So, here's a question that has propped up in my research. Suppose that we have at our disposal $K$ independent homogeneous Markov chains evolving on a common, finite state space $S$. At each time instant $t=0,1,2,\ldots$, only one out of the $K$ Markov chains may be selected and its state may be observed. During this time, the unobserved Markov chains continue to evolve.
As a consequence of the last point mentioned above, there is a certain 'delay' associated with observing each Markov chain. Let $\tau$ be a stopping time until when the Markov chains are sampled one at a time in a sequential manner. We shall denote by $N_a(\tau,d,i)$ the number of times Markov chain $a$ is selected when its delay is $d$ and it was observed in state $i\in S$ the previous time. Here, $d\leq \tau$ and $a\in\{1,2,\ldots,K\}$.
I would like to compute the following expectation: \begin{equation} E\bigg[\sum\limits_{a=1}^{K}\sum\limits_{d=1}^{\tau}\sum\limits_{i\in S}N_a(\tau,d,i)\,c(a,d,i)\bigg], \end{equation} where $c(a,d,i)$ are positive constants for each $a,d,i$ triple.

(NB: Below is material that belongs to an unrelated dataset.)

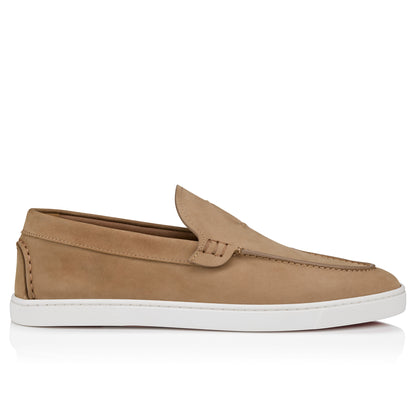 Christian Louboutin Moonboat Men Shoes | Color Beige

While the summation terms with respect to $a$ and $i$ are finite sums, there is no problem with pushing the expectation inside these summations. However, there is $\tau$ in the upper limit of the summation over $d$, and it looks like I need a Wald type identity to simplify this summation and expectation. However, I do not know of any such identity in the current context of Markov chains. Moreover, the collection of random variables $\{N_a(\tau, d,i)\}_{1\leq d\leq \tau}$ is not really independent.
Any help in this direction would be greatly appreciated.